Due to the popularity and high demand for tickets at both of these athletic programs, football tickets are not free for students. But they aren’t all that expensive either. Both Alabama and Georgia charge students in between $50-$70 per season for a full season of home games. Overall, it only costs students around $100 to enjoy the highest level of athletic events.

However, students at smaller schools are not as lucky. At institutions such as Georgia Southern, Georgia State and UAB, the cost of the athletic fees averages $225 per student per semester. This average is over 75 percent higher than the combined fees at Georgia and Alabama. Even if one factors in the cost of football tickets with the fees, the total average cost of attending Georgia and Alabama football games would only be $89. Though all sports are free for students to attend (including football) at universities such as UAB and Georgia Southern, the fees are far greater.

So why is there such a remarkable difference between athletic fees among bigger and smaller schools? The answer can be seen in the amount of revenue schools like Georgia and Alabama receive from other various sources like contributions from alumni, licensing agreements, merchandise, television contracts and ticket sales.

When comparing the combined revenue of the four richest athletics programs in Alabama and Georgia (Alabama, Georgia, Auburn, and Georgia Tech) to the revenue of the six schools underneath them (UAB, Troy, Jacksonville State, Georgia Southern, Georgia State and Kennesaw State), the results are lopsided.

The athletics revenue for the four big universities totals over $500 million while that of the six smaller schools is a little over $150 million.

These larger schools don’t need athletic fees nearly as much due to higher licensing revenue and greater ticket sales. For example, the University of Georgia made over $56 million in rights and licensing revenue, which includes television contract negotiations and corporate sponsorships among other things, in 2016. That amount alone is nearly $25 million more than Georgia Southern’s entire 2016 athletic revenue! They make so much money that the high cost of running a football program is not an issue. For other schools, however, it can be.

Football programs are extremely expensive. Between the equipment, staff and facilities, universities are shelling out millions of dollars. They are not able to recoup the cost with revenue alone, so they turn to the students to help back the programs.

One of the prime examples of this is Georgia State. Georgia State’s student fees are among the highest in the nation. As of 2016, students are paying over $275 per semester in athletic fees. That’s nearly $220 more than what UGA students pay per semester.

This remarkable difference highlights the circumstances of the two schools. With so much demand for tickets, merchandise and other pieces of the program, the University of Georgia doesn’t need to ask its students for much help financing athletics.

The bottom line is this: student fees are far more valuable to smaller, lower profile schools than their larger counterparts. If students attend a school that is not affiliated with having a premier athletics department, then they will probably be asked to pay a significant amount more than their buddies at universities such as Alabama, Auburn and Georgia.

After UAB shut down their football program, there was a demand to bring it back.

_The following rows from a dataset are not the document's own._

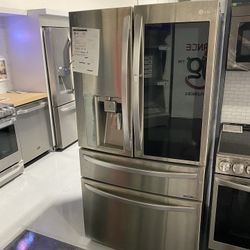 LG Stainless Steel 30 Cu. Ft. Smart Wi-Fi Enabled InstaView Door-in-Door Refrigerator 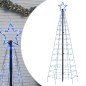 vidaXL LED-Weihnachtsbaum mit Erdspießen 220 LEDs Blau 180 cm vidaXL LED-Weihnachtsbaum mit Erdspießen 220 LEDs Blau 180 cm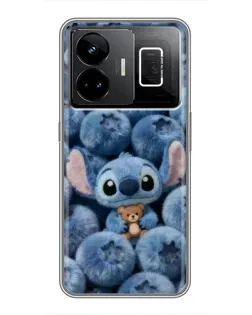 Чехол для Realme GT3 с картинкой «Стич и голубика» Чехол для Realme GT3 с картинкой «Стич и голубика»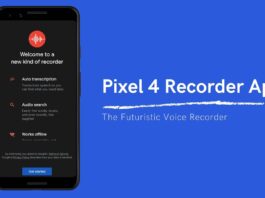 Pixel 4 Recorder App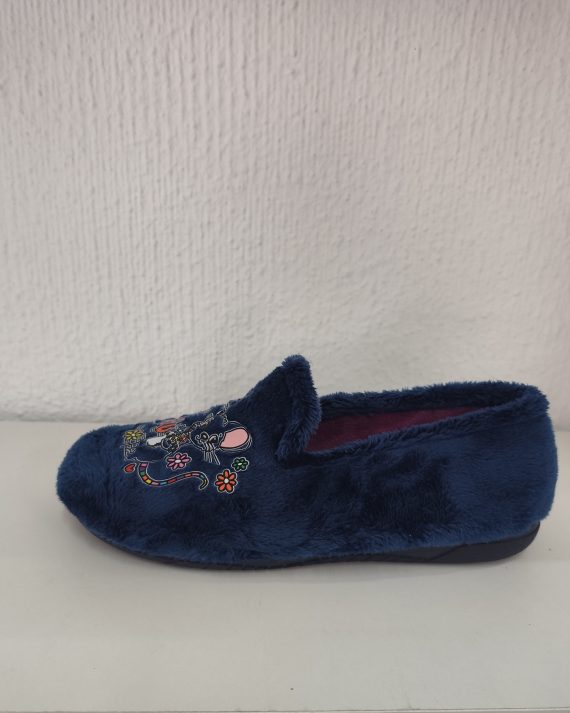 ZAPATILLA TAPA SEÑORA RATON MARINO 6208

Although UAB couldn’t rely on robust ticket sales and generous donations, their students were willing to pay the price to bring their team back. It serves to be an important example of the value that athletics fees can have for some schools. To them, higher athletic fees are worth it in the end.

Information in this story comes from USA Today’s 2015-16 NCAA Finances report, AL.com, chronicle.com, The Atanta Journal-Constitution, The Washington Post and The Red & Black.